The live trio recordings are to be found on the Trio Toubab page.
As a replacement for Lara I contacted Alessio Campanozzi, a young italian bass-player who had just moved in to Brussels, coming from his native Bari to improve his skills on double-bass in the Brussels Conservatoire.
I was thus surrounded by two youngsters (I must be around the age of their fathers !). They put in a lot of enthusiasm and creativity in my music.
After two months of rehearsals, we finally had our first gig that November in Brussels.
Orchestre Toubab (2013 +)
We all felt the absence of percussions and I decided to run an advertisement looking for a percussion player who would be equally at ease with central and west-african rhythms as well as afro-latino percussions. Surprisingly I got a lot of answers, from as far as Nancy (400 kms of Brussels).
We settled for Gauthier Lisein, a graduate from the Liège jazz conservatoire who has frequently travelled to Africa and Cuba. He brings in even more energy and creativity !
We had our first gig as a quartet in March in Brussels. We recorded a bit later a series of tracks, using the same ‘live technique’ in Daniel Léon’s studio. These recordings were to be used in our first CD ‘Tukki Janeer’.
We also have a Facebook page.
Tukki Janeer (2015)
In the fall of 2014 I decided to release a new CD, although record sales are extremely low. With the band’s evolution it becomes necessary to be able to present an ‘official’ quality recording.

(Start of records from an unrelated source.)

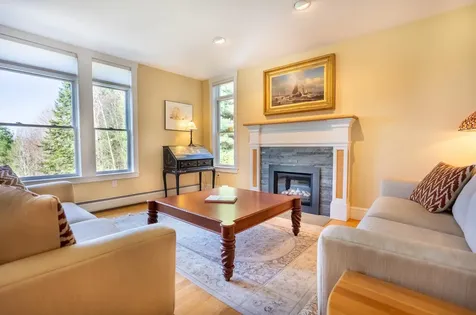39 Steeple Lane Stowe VT 05672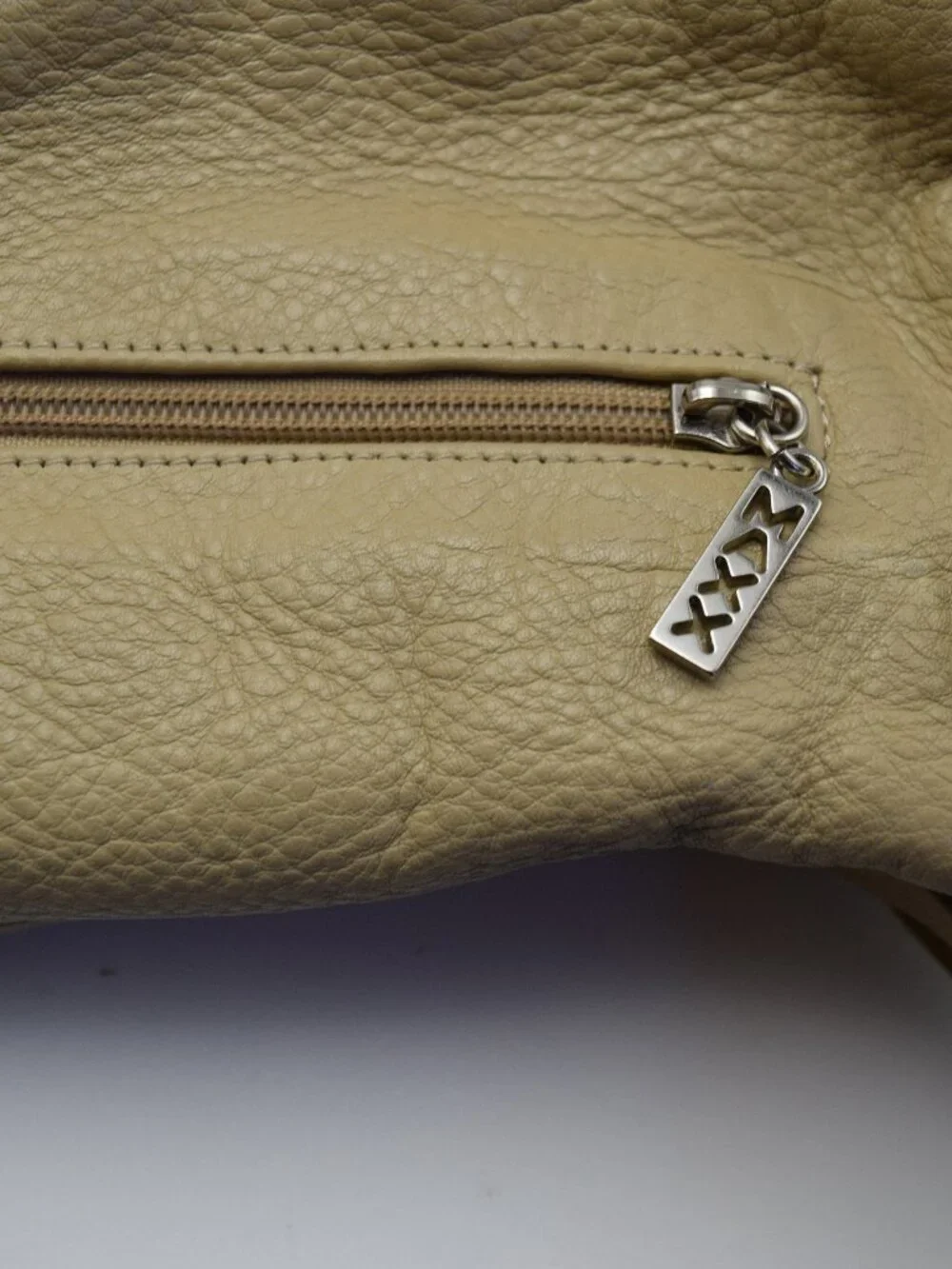 Maxx New York Beige Pebbled Leather Hobo Shoulder Bag Adjustable Strap Dust Bag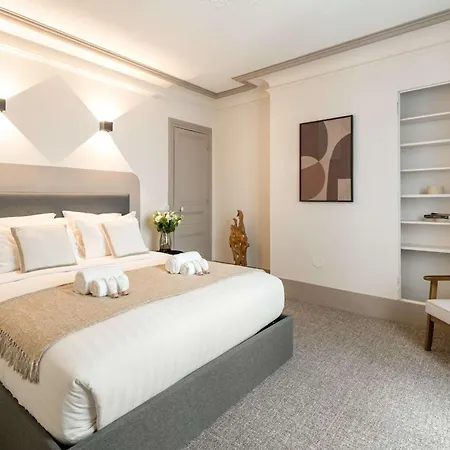 Eiffel Tower - Premium With Lift For 4 Appartement Parijs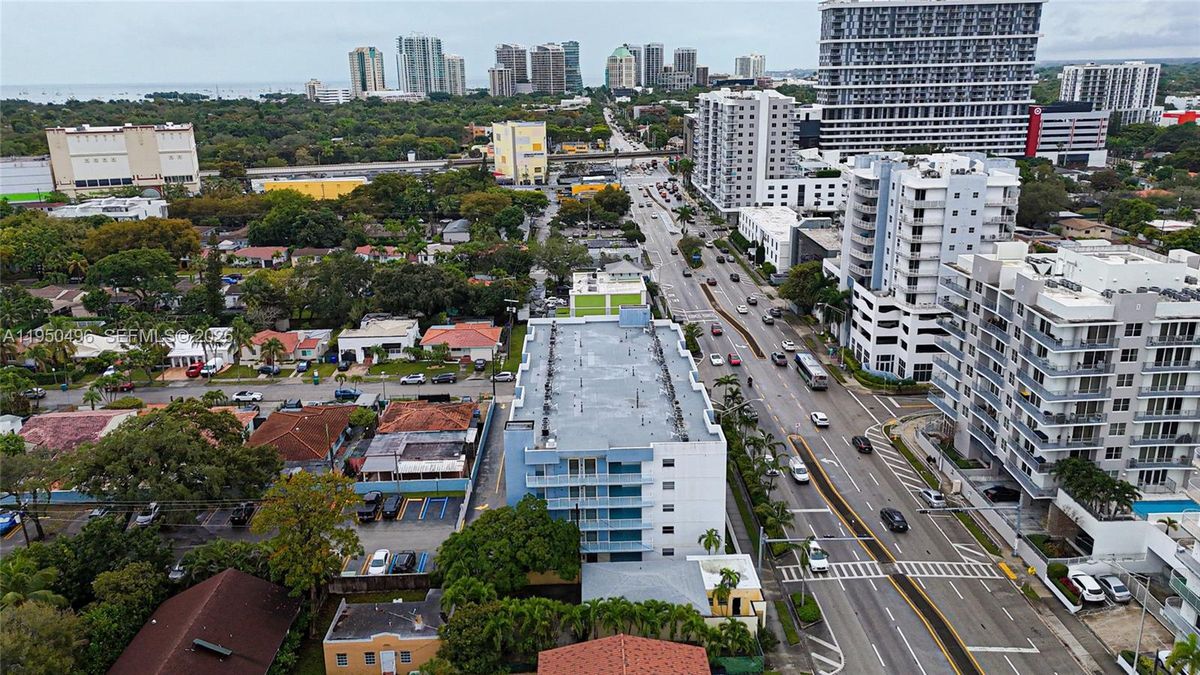 Foto del edificio - 2575 SW 27th Ave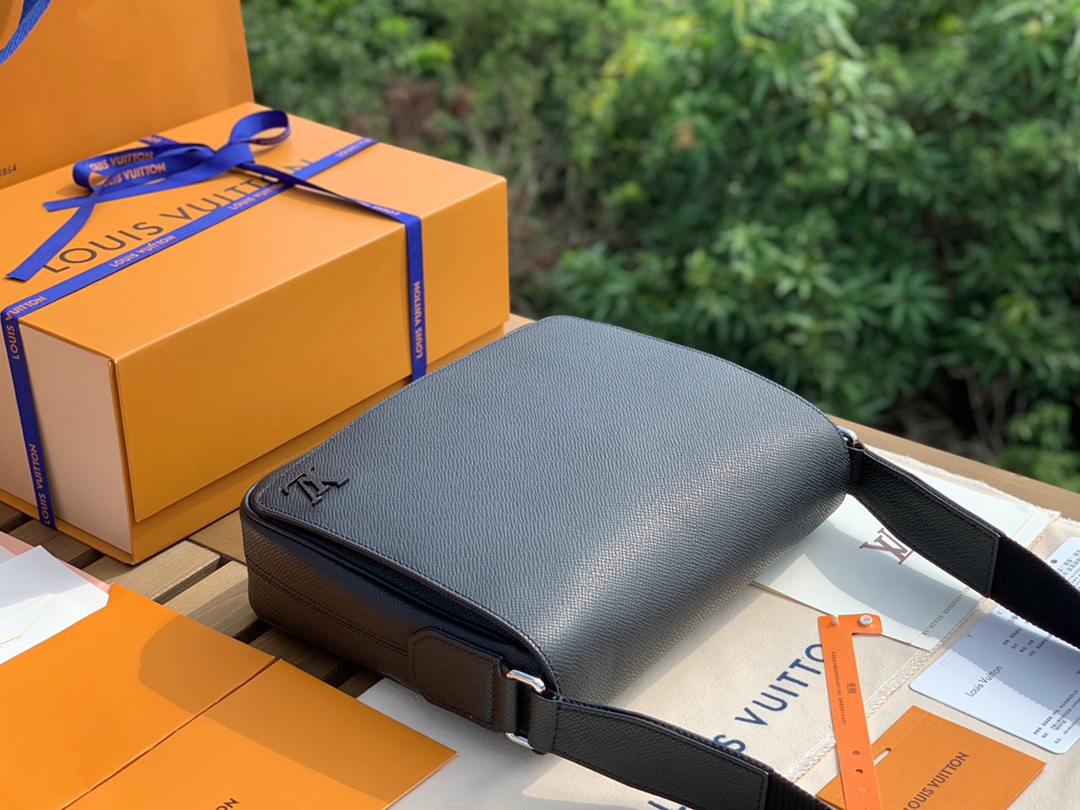 🌼 m30850尺寸26-20-7cm如果想找一款低调高级有质感的通勤包，非它必属原厂渠道特供，LV最新
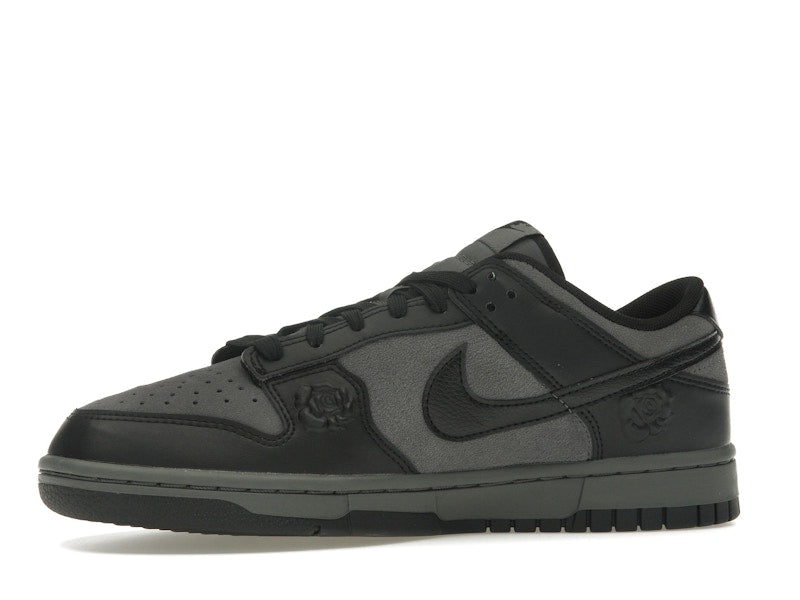 Nike Dunk Low Black Roses (Women's), vista a 360 gradi 17 di 36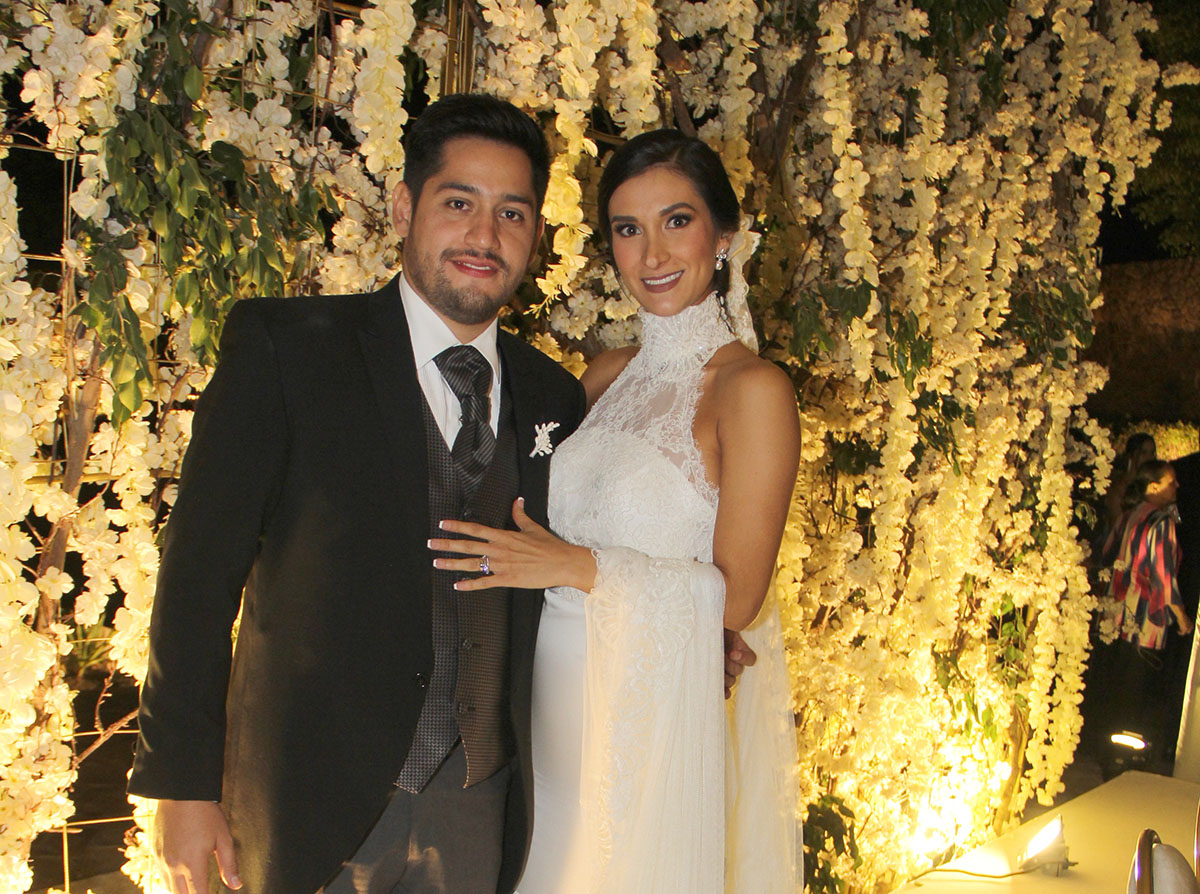 01 Alberto Ramírez  y Aiko Llamas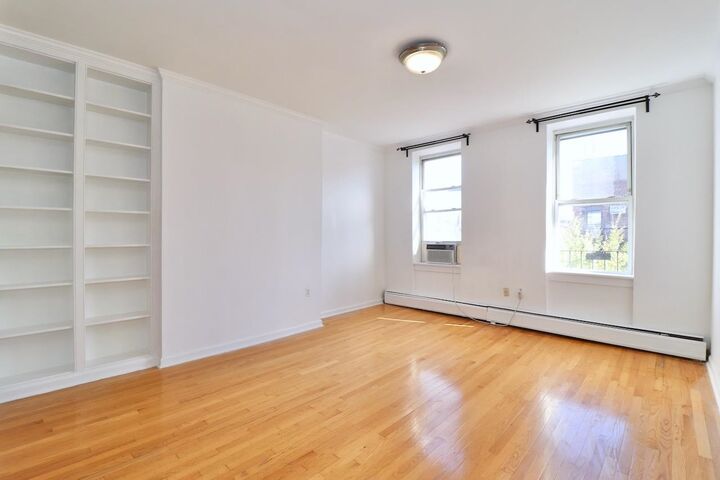 Property Photo:  621 Willow Ave 5L  NJ 07030 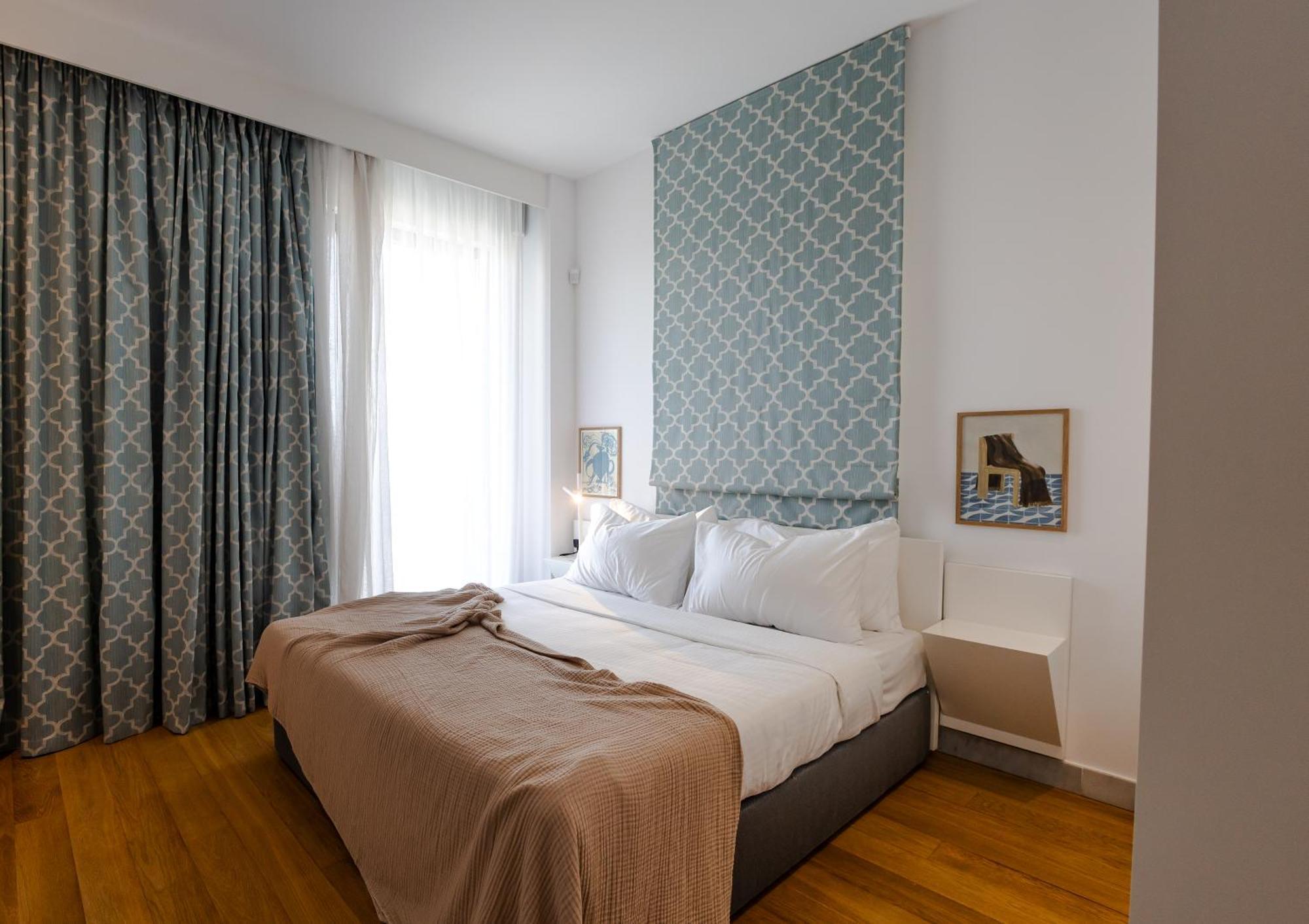 Sofia Luxury - Premium With Pool & Bbq, Rooftop Terrace, 5 Min To Sea Paphos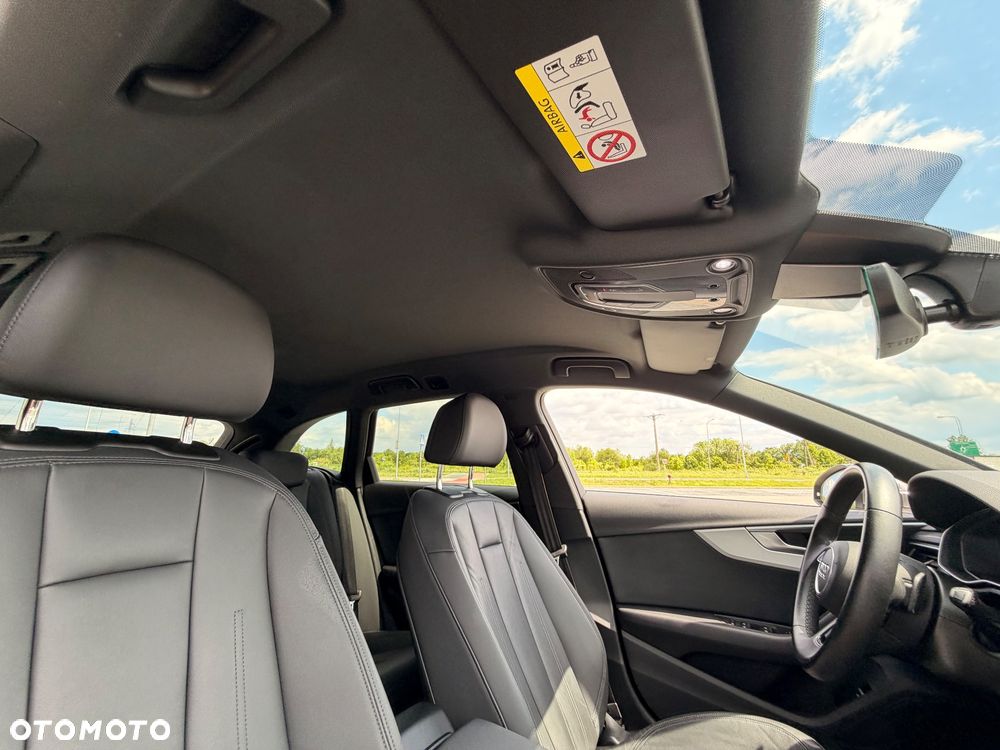 Audi A4 Avant 40 TFSI S tronic S line - 20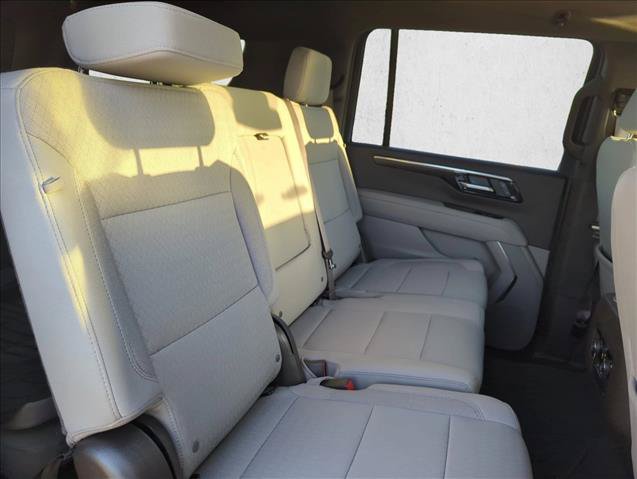 Used 2025 Chevrolet Suburban LS AWD/4WD image 23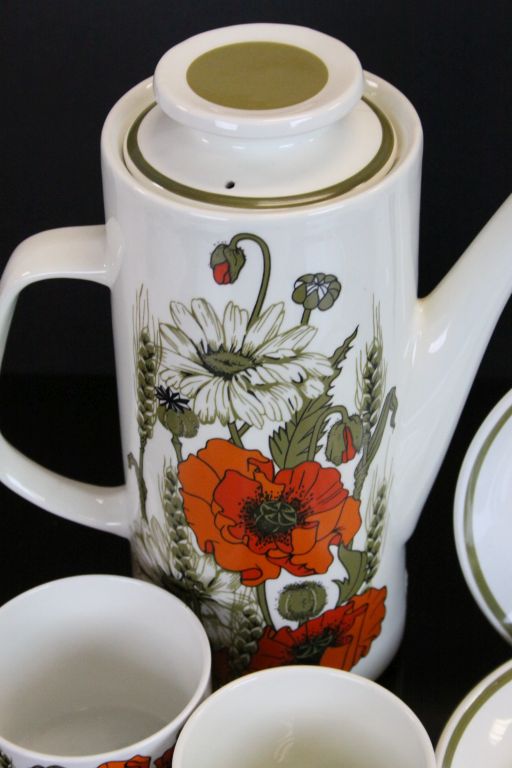 J & G Meakin four place Coffee set in Poppy pattern - Image 4 of 4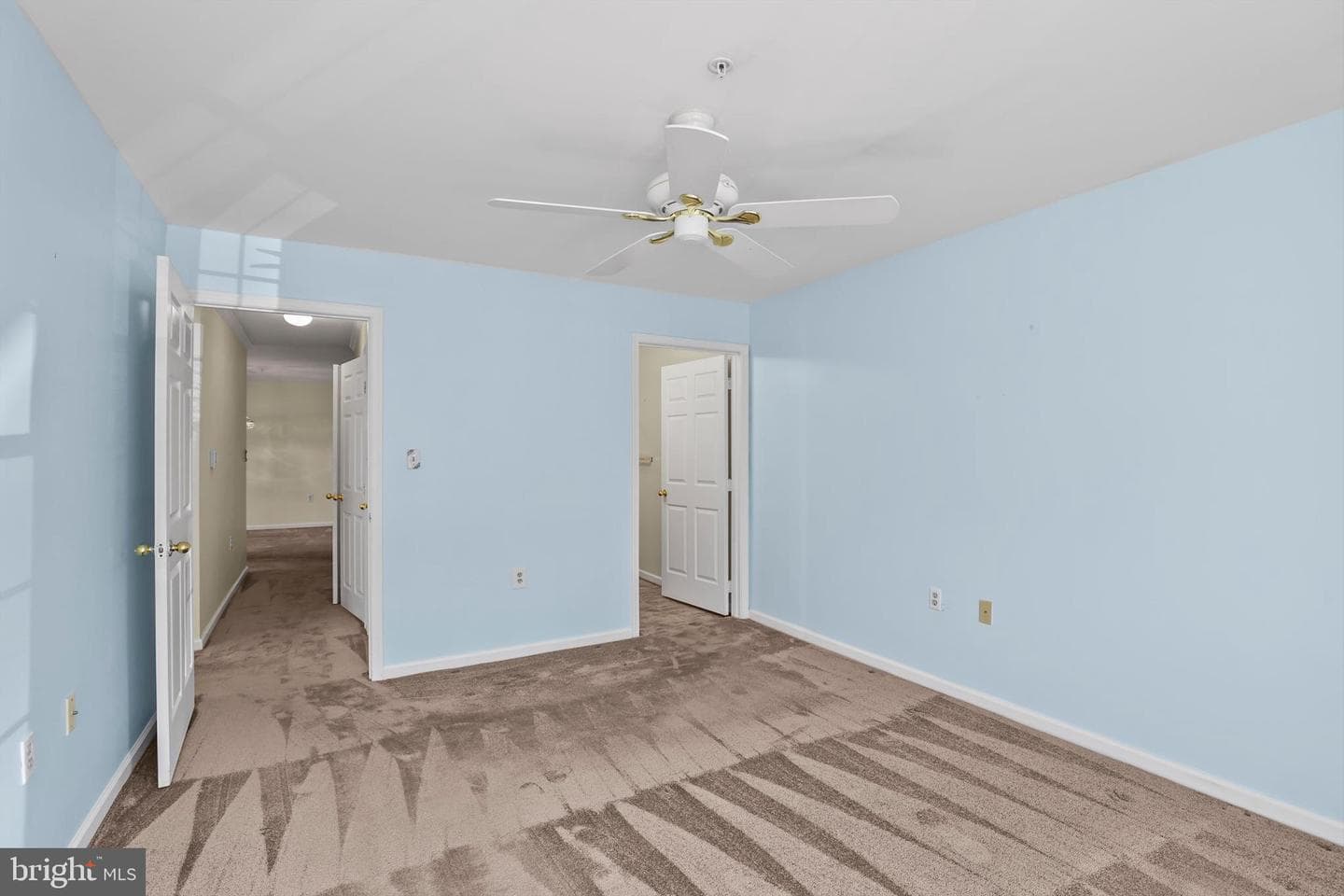 4404 Silverbrook Lane #e102 photo 22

The CD, which has been released in January 2015 comprises the best versions of the two recording sessions at Igloo studio as well as some recording from 2011. It is also available in streaming and download on the usual platforms : ITunes, Spotify, etc. More details on my Orchestre Toubab page.
Teeru Deggoo (2018)
The 2nd CD of the toubabs has been recorded mostly in 2017. It is a direct continuation of the first album. It features 10 new tracks and a new arrangement of Tokoro. The title is Teeru Deggoo which means Harmony Harbour in wolof. Seaports are places where different cultures meet and intermingle which is why I chose this title.
Being aware that a singerless combo has a lot less chances of getting any kind of interest from mainstream medias, I decided to include some vocal parts in the tracks, but without making actual songs. I found a pervert pleasure in mingling themes and even impros with unusual vocal parts such as the pygmy choir in Umugore W’Ibanga.
For musical excerpts and more infos I suggest to switch over to the Orchestre Toubab site. As the tracks are not yet on the streaming platforms (I have to wait for the good will of a serious aggregator) this is the only way to hear them.
During 2013 – 2016 I also worked on Coco Malabar’s songs. Coco is a Congolese artist who, after a fine beginning of his career in the ’90, has vanished a bit from the spotlight.
My job on this was mainly a sound engineer’s job, but I played a bit of keyboard and guitar on some of the songs. Release of the CD is planned for spring 2018.